I hope you get well soon!
And I'm happy you resisted and didn't get him, I know how hard it must have been.


----------



## popcorndeer (Feb 4, 2013)

yah it was hard leveing him behind he looked so sad


----------



## popcorndeer (Feb 4, 2013)

i think my snail died


----------



## Laki (Aug 24, 2011)

If your snail died you will smell it first. Dead snails STINK.


----------



## Alcemistnv (Jan 29, 2012)

*is so glad she hates snails and therefore will never have one*


----------



## popcorndeer (Feb 4, 2013)

yah sorry he must have ben sleeping hes alive sorry about that


----------



## rubinthebetta (Oct 9, 2012)

It's fine. BTW, it's great that you're going to get bigger tanks. I'm sure it will make your fish happier, and it will be easier on you, too.


----------



## popcorndeer (Feb 4, 2013)

i want to start a planted tank for kitty


----------



## Bombalurina (Oct 10, 2011)

That sounds like a good idea.  Spend the money on the heaters and larger tanks first, though. 

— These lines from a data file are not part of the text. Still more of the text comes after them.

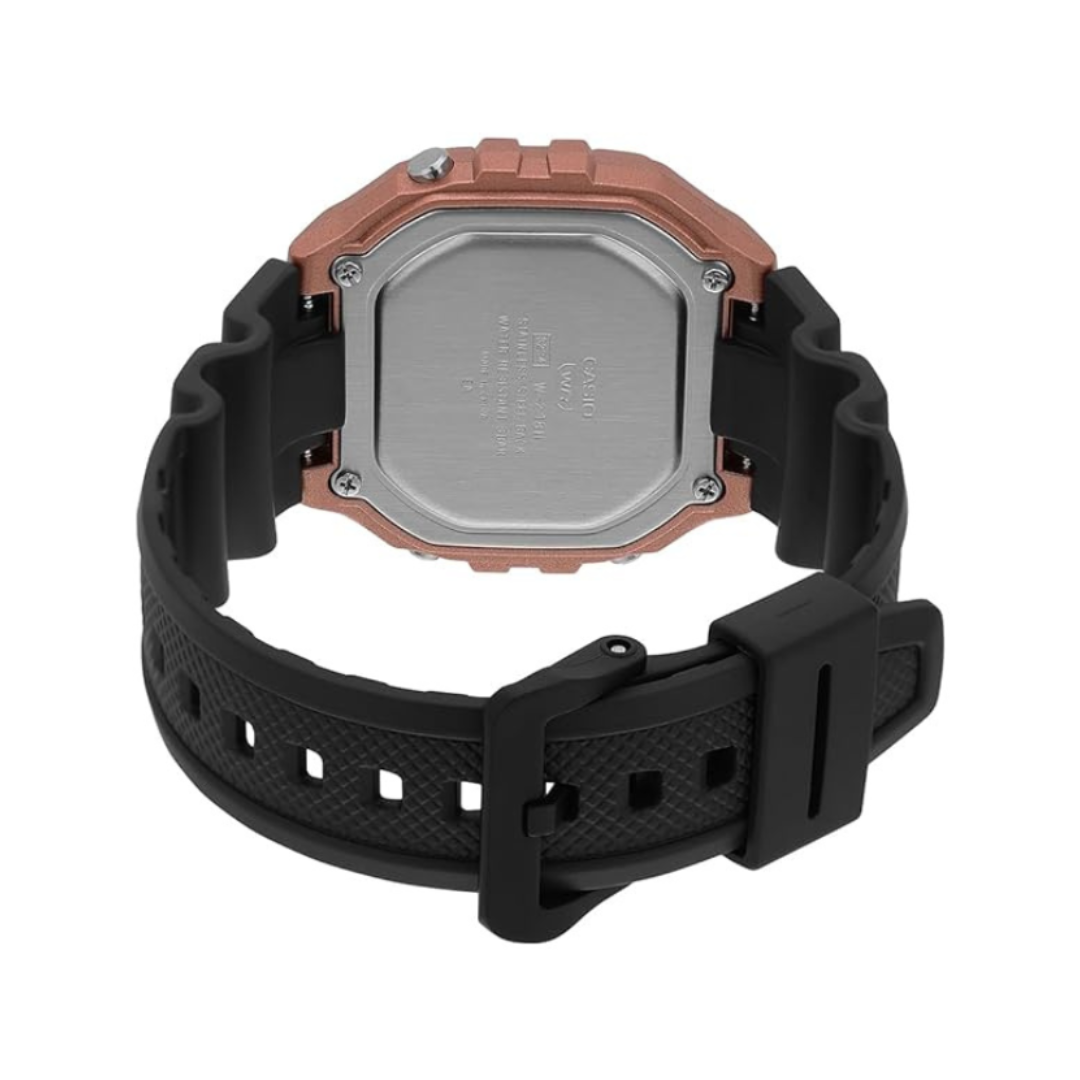 Casio W-218HM-5BVDF D375 | Youth Unisex Quartz Black Dial Digital Resin Watch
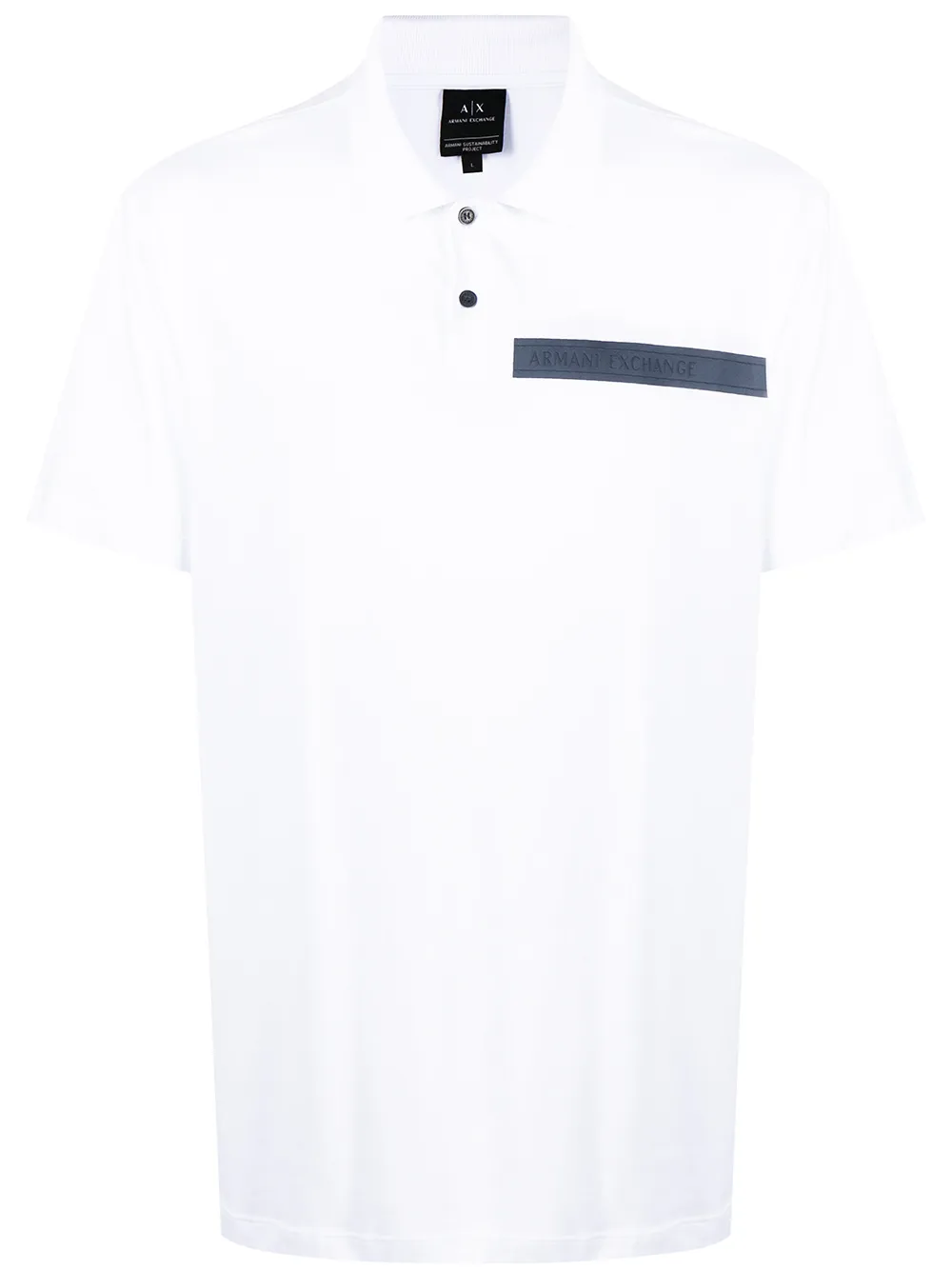 

Armani Exchange logo-stripe polo shirt - White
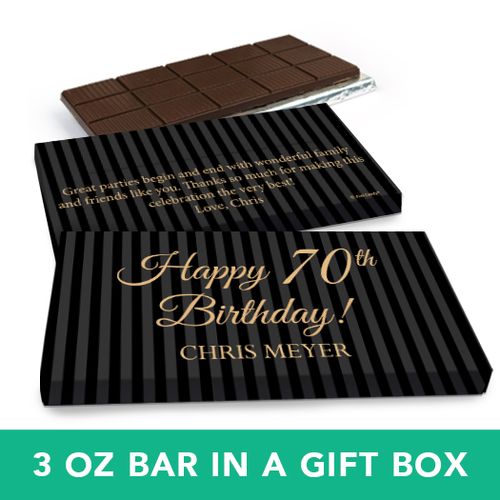 Deluxe Personalized Birthday 70th Milestones Stripes Belgian Chocolate Bar in Gift Box (3oz Bar)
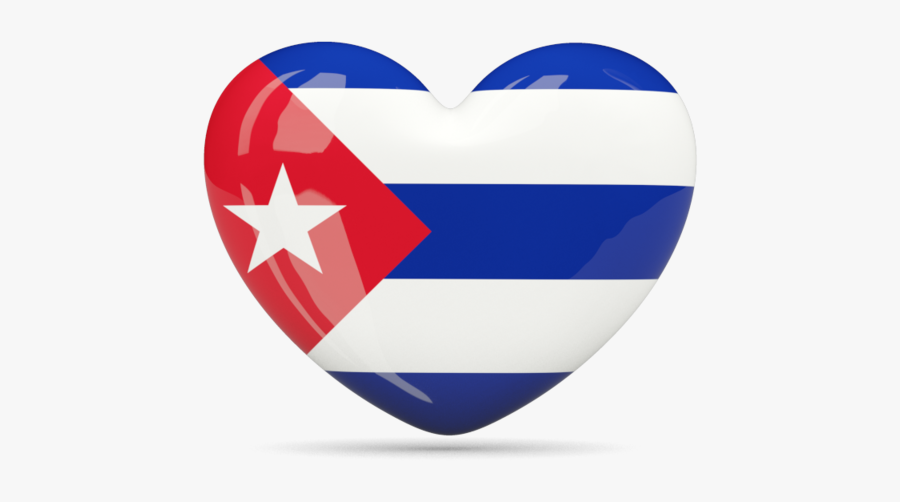 Cuban Flag In A Heart, Transparent Clipart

Have you filled up the other tanks as well?


----------



## popcorndeer (Feb 4, 2013)

yes and turkey had a water change today!

now iam thinking hes a girl anyway my friend might come over tomorow and help me clean the girls tank and kittys tank


----------



## Bombalurina (Oct 10, 2011)

Sounds good!


----------



## bettacrazygirl86 (Jan 21, 2013)

popcorndeer said:


> yes and turkey had a water change today!
> 
> now iam thinking hes a girl anyway my friend might come over tomorow and help me clean the girls tank and kittys tank


If you can give us a good picture of him, I'm sure we can tell you whether he's a girl or a boy.


----------



## popcorndeer (Feb 4, 2013)

ok


----------